- **Raw data**
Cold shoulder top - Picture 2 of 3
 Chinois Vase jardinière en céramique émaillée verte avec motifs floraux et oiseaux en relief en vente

* * *

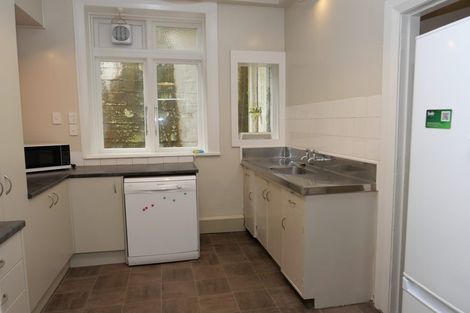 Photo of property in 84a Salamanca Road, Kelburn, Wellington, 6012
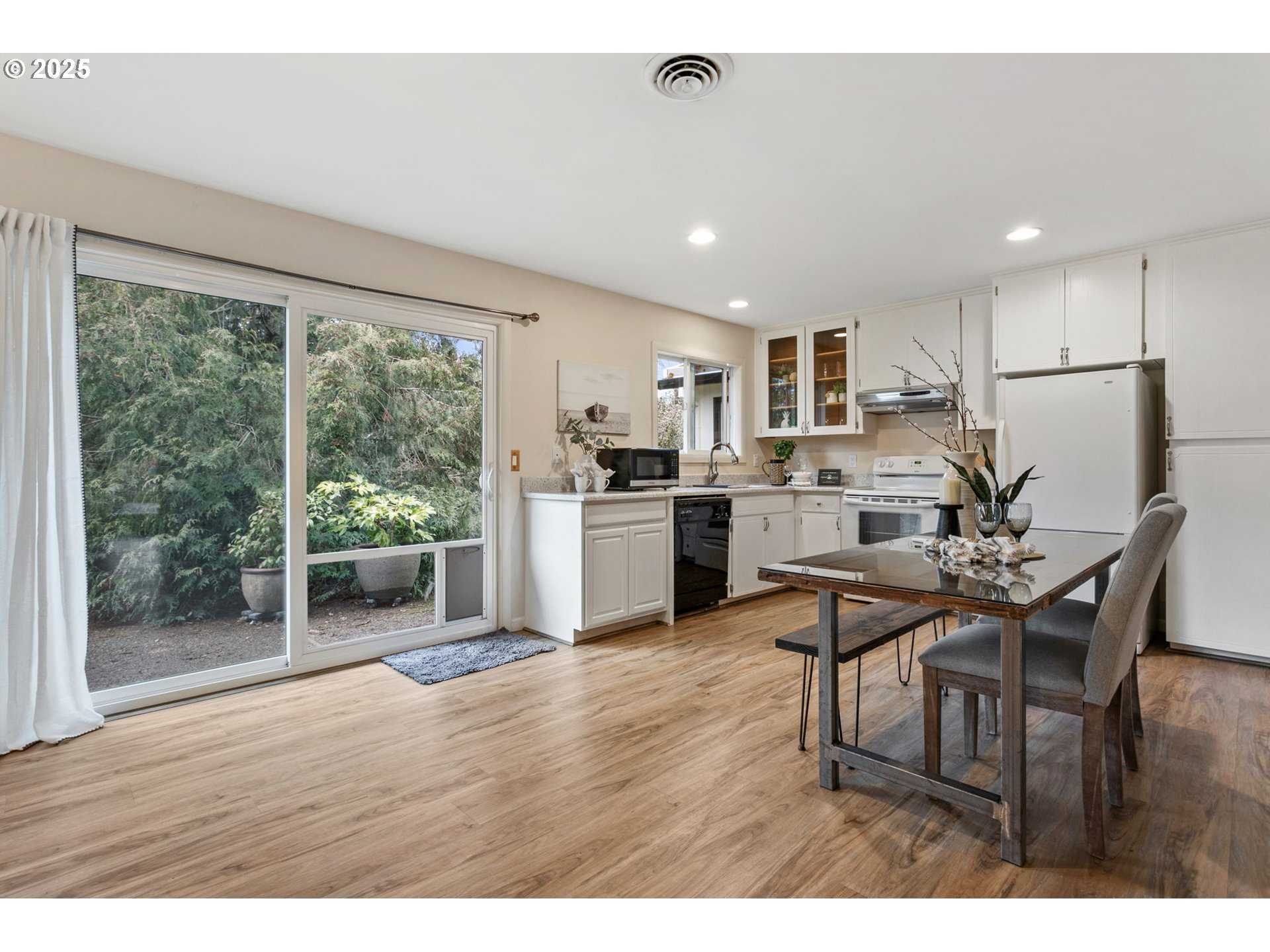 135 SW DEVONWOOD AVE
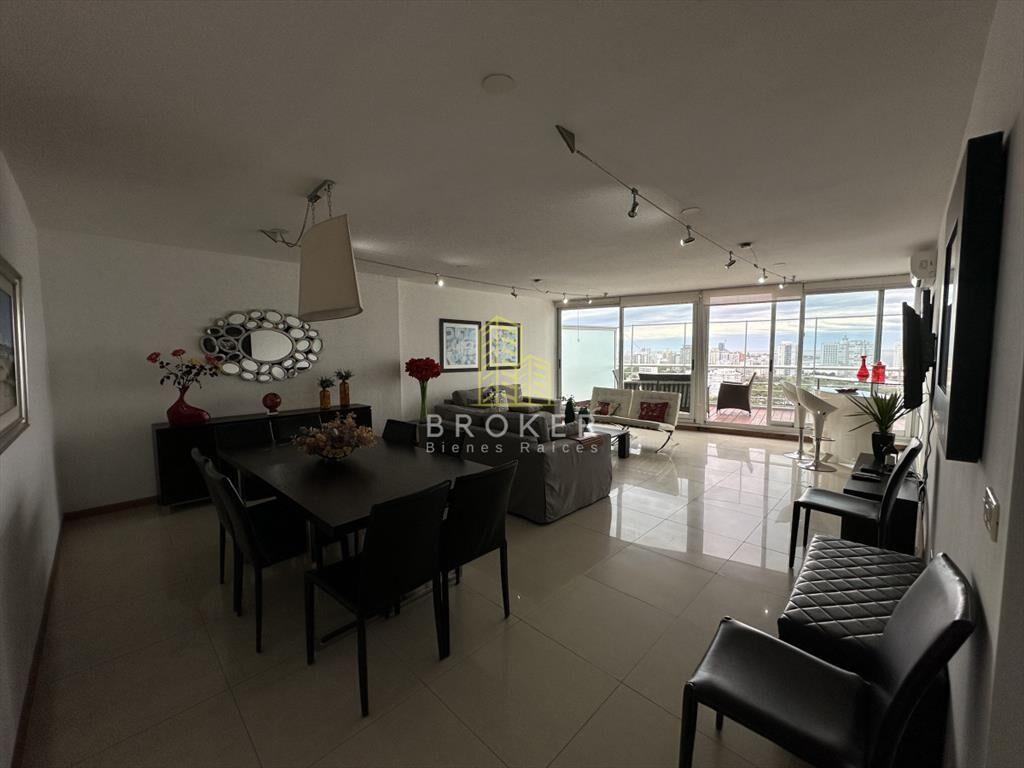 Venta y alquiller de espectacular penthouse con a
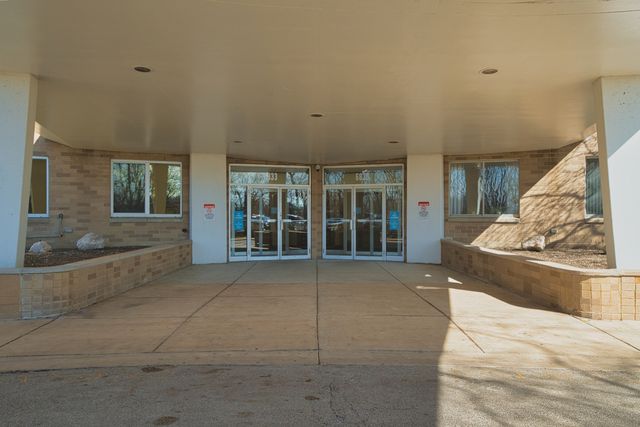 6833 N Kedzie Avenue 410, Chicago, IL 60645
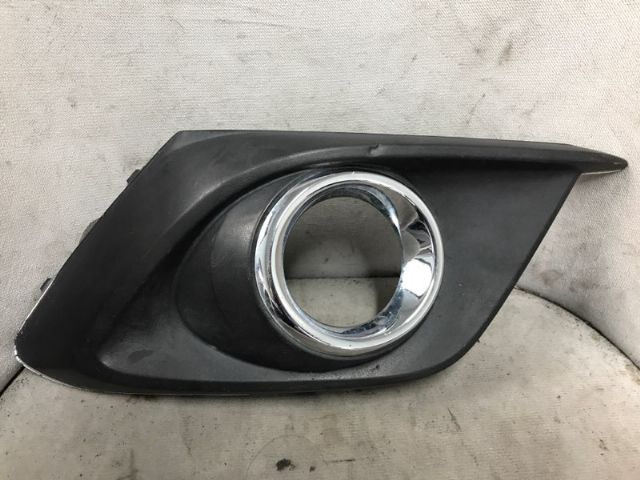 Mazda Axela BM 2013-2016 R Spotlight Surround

- **Problem requirements**
Above are records; write out the lines from the one with "Venta y alquiller" down to the one with "Mazda Axela BM", exactly, leaving the pictures out.

- **Reply to the exercise**
 Venta y alquiller de espectacular penthouse con a
 6833 N Kedzie Avenue 410, Chicago, IL 60645
 Mazda Axela BM 2013-2016 R Spotlight Surround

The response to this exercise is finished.